U.S. President Donald Trump's top trade official said on Tuesday changing China's economic policies to become more market-oriented "is not going to be easy" even with tariffs now in place on $250 billion worth of Chinese goods.
U.S. Trade Representative Robert Lighthizer, in rare public remarks at the Concordia Summit, said "endless dialogues" with the Chinese government over decades had "failed miserably" in changing Beijing's policies, so the Trump administration decided to try direct pressure with tariffs based on its study of China's intellectual property and technology transfer policies.
After China retaliated against what he called "modest" U.S. tariffs on $50 billion in Chinese technology-focused imports, the Trump administration on Monday slapped 10 percent duties on another $200 billion of Chinese goods, including many consumer products.
"We enter into that soberly with an enormous amount of study, but the fact is that what we were doing demonstrably failed," Lighthizer said.
"It's not going to be easy," Lighthizer said when asked what would result in concessions from Beijing. "Change is never easy, particularly where we have change, where there are U.S. companies that are benefiting from the improper Chinese policy," he said.
Lighthizer repeated his views that China's intellectual property practices and non-market industrial subsidies that have resulted in excess production capacity would put the future of the U.S. economy and its high-technology industries at risk.
"We changed the paradigm, we have tariffs in place, and the president is not going let this go long, where you take intellectual property where you have a forced transfer of intellectual property, where you treat American companies and farmers and ranchers poorly," he added.
The U.S. trade chief was meeting on Tuesday with his counterparts from Japan and the European Union as part of regular talks to deal with China's non-market policies and to craft reforms to World Trade Organization rules.

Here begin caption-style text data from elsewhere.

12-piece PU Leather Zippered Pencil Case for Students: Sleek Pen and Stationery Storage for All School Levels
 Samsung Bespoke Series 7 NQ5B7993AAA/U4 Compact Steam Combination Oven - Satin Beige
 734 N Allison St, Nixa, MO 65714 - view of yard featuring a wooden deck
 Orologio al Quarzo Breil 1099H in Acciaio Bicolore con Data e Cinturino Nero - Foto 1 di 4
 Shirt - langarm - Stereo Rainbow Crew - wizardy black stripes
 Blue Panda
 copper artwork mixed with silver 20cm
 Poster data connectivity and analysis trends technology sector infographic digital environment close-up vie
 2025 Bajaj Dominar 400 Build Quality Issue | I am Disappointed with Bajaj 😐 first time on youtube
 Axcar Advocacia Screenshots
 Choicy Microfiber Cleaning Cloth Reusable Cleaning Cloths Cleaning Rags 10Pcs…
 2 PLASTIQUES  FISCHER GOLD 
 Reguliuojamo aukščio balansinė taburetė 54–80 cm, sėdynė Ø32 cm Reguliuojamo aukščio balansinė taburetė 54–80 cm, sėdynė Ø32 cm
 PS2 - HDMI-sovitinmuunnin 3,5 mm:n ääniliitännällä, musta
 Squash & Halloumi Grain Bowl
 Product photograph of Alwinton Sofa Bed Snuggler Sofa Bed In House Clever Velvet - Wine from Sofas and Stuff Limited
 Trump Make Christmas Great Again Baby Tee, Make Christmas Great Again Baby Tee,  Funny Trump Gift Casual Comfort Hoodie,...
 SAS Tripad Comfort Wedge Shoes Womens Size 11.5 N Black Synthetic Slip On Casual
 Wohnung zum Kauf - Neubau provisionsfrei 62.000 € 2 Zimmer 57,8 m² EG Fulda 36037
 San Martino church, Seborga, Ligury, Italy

Lighthizer, who has long criticized the WTO as unable to rein in excess Chinese capacity, said the body's rules were designed for market-driven economies, not ones dominated by state-owned enterprises like China.
Because all WTO members must agree on rule changes, getting China to agree to new rules that would force changes to its policies is "kind of a conundrum," he said, adding that he believed in the WTO which remained "an important body."
"I've said this before, if we didn't have it, we'd have to invent it," he added.